Can't get GPU activities while inject CUPTI to running process

Hi, I’m trying to implement a demo GPU profiler shared library, which can be attached to specified process. The profiler is based on CUPTI and libkineto.
Most implemation of the profiler library refers to code example of Dynamic Attach and Detach. However, in order to attach to running process, I’m using ptrace based code injector, to jnject and execute the profiler library ( via __attribute__((constructor))) to target process, instead of set CUDA_INJECTION64_PATH before the target start.
The problem is, while host side activity(like CUPTI_ACTIVITY_KIND_RUNTIME) works just fine, I can’t get GPU related activities(CUPTI_ACTIVITY_KIND_CONCURRENT_KERNEL, CUPTI_ACTIVITY_KIND_MEMCPY) via this approch.
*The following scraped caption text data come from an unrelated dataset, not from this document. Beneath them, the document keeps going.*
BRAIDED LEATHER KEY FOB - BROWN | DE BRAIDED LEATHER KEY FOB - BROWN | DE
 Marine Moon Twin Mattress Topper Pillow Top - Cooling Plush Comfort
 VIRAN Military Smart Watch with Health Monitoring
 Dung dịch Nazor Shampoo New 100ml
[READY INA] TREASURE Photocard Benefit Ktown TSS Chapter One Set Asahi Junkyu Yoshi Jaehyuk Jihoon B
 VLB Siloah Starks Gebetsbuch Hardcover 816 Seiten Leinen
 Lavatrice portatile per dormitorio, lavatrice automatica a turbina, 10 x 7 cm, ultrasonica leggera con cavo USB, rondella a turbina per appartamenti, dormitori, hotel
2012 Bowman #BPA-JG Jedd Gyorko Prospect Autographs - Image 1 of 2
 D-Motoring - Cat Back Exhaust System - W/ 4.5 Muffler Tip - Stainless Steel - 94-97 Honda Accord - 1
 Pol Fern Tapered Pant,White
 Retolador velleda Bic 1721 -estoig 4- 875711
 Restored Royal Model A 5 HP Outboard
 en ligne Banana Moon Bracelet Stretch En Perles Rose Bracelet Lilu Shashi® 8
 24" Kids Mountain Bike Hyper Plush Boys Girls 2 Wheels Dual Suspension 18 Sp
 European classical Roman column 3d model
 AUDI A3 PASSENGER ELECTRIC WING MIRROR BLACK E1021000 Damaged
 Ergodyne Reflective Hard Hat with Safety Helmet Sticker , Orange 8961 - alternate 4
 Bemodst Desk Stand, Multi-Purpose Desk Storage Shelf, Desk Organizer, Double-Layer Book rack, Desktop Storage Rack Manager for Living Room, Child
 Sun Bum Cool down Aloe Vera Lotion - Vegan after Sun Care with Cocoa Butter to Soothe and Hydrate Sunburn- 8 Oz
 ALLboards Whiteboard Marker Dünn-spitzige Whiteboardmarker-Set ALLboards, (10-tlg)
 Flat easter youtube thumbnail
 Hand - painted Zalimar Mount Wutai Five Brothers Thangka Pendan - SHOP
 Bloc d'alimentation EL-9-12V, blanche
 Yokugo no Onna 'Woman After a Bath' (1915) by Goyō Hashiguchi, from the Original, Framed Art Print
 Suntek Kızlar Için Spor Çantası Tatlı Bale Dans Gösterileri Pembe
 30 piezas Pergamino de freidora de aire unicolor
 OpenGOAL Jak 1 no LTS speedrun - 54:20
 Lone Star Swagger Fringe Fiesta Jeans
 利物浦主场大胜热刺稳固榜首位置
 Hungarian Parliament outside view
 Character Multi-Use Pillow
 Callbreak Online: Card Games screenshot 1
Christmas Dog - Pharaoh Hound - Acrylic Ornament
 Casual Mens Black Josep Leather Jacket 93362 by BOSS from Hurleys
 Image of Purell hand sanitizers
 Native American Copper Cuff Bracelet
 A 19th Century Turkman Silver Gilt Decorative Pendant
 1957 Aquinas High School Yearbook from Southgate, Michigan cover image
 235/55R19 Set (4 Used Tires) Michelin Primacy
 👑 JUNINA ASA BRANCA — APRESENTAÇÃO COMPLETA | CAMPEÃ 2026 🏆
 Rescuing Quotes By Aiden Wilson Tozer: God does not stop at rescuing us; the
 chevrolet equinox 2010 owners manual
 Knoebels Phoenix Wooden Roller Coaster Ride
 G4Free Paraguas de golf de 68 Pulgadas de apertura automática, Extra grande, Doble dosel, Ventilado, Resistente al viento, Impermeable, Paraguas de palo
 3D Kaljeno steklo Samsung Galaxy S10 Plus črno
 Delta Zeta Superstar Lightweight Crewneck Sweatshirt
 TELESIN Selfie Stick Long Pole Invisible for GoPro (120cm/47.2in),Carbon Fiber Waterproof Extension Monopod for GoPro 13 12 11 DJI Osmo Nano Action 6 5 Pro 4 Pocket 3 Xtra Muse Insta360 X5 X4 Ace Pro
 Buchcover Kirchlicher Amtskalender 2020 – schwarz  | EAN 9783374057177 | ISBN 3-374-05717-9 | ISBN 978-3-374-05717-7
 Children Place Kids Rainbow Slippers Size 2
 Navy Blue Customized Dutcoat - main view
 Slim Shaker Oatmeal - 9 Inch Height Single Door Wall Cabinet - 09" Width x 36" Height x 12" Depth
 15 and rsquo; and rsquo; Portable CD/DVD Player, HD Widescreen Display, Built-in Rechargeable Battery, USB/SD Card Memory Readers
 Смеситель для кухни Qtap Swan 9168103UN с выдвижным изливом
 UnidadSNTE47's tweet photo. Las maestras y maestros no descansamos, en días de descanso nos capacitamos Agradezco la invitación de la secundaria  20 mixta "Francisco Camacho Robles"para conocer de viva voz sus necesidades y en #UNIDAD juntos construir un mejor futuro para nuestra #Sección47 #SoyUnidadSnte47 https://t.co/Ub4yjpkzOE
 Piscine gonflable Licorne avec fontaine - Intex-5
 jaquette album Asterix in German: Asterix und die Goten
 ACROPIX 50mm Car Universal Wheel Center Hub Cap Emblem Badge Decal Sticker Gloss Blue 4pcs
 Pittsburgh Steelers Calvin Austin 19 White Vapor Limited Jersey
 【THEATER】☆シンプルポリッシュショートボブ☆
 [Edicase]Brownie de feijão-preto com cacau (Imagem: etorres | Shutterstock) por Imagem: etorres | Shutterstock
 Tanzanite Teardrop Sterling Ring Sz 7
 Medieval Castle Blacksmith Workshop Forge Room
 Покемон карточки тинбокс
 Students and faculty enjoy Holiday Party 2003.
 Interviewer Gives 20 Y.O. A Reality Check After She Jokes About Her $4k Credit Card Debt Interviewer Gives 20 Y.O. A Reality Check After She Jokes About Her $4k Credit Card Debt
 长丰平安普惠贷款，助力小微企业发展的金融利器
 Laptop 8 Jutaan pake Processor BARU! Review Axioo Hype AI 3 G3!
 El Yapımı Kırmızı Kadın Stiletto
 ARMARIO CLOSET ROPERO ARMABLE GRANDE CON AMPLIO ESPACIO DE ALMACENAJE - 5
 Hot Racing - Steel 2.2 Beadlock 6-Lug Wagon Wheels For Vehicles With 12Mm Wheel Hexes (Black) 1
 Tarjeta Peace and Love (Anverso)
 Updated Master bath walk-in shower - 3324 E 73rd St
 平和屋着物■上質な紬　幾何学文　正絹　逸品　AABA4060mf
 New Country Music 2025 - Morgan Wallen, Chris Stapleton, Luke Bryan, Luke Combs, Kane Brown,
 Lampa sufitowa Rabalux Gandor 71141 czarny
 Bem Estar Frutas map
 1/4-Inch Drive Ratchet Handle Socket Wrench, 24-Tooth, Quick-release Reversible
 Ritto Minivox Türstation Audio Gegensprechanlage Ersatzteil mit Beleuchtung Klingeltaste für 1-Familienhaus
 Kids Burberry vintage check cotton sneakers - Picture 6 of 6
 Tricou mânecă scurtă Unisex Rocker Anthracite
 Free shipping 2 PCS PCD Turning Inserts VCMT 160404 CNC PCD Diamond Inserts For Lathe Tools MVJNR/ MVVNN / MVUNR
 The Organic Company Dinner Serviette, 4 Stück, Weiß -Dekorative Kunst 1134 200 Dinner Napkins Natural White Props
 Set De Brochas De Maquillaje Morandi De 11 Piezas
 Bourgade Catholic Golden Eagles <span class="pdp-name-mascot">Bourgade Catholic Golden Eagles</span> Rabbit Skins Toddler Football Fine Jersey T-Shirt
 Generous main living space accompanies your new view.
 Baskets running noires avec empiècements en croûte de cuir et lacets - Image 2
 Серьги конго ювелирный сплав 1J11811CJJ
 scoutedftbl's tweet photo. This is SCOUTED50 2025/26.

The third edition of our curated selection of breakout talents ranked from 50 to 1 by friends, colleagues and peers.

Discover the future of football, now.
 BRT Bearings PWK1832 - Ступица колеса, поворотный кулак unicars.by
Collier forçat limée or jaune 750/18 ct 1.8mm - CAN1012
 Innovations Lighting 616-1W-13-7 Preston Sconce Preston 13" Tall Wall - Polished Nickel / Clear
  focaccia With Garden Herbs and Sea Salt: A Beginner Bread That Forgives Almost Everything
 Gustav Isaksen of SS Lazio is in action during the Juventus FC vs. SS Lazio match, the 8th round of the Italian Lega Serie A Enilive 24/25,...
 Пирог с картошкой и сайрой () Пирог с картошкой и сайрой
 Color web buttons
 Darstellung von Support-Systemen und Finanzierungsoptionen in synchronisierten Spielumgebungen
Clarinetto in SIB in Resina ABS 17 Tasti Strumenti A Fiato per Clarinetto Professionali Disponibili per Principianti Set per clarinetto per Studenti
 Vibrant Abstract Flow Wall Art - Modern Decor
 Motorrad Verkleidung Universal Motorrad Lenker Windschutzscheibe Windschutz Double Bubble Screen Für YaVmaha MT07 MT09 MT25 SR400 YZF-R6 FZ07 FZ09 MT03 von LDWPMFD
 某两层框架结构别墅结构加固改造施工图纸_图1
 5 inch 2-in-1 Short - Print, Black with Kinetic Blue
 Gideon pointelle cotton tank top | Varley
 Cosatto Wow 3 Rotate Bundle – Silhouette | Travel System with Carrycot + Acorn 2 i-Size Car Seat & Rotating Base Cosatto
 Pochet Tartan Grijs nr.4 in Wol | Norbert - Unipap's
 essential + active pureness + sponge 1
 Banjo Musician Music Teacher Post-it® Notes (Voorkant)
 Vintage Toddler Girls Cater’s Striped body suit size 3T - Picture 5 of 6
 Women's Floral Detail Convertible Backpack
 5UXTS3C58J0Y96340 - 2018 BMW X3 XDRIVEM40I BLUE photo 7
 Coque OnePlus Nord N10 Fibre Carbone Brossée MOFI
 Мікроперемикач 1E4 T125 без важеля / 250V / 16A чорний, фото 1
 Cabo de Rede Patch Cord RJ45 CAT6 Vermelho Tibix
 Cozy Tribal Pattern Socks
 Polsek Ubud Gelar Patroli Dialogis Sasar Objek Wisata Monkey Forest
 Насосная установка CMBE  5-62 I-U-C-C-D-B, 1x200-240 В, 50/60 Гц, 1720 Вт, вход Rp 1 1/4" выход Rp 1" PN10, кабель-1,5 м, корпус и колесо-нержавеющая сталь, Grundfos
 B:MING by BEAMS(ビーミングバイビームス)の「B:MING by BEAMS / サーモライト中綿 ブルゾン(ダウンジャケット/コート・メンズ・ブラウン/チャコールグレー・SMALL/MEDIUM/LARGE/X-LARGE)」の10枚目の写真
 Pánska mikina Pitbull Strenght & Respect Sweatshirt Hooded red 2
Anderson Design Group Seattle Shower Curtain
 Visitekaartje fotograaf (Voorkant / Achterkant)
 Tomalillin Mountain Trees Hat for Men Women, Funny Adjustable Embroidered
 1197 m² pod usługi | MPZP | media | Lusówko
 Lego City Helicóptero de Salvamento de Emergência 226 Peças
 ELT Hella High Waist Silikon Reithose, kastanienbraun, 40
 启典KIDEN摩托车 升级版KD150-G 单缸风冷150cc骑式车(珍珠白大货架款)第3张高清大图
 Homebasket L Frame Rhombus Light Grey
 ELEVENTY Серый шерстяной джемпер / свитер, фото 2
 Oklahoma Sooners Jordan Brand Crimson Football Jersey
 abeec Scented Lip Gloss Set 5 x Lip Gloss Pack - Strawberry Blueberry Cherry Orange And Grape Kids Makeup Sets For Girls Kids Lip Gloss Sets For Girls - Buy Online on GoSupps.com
When I turn to CUDA_INJECTION64_PATH with the same code, I can get all activities.
Please kindly clarify a lillte about the principle of CUDA injection, is the injection only allowed while CUDA initialization, or this code inject approch is also feasible?

1 Like

I just noticed that CUPTI initialization is happened in main thread in the attach/detach code sample, but one sperated thread in my implementaion.
Is it required to initialize CUPTI in main thread? I also tried but encountered some failure while code injection. I’ll update here after the reason found out

Hi, @juju812

Sorry for the late response. Anything we can help now ?

Hi, @veraj

After some analysis with @mjain , we fixed this issue and get CUPTI activities working.

Thank you all for the kindly help!

Thanks for letting me know this ! Anything else need help, please feel free to start another topic, and we’ll do our best to help !

This topic was automatically closed after 21 hours. New replies are no longer allowed.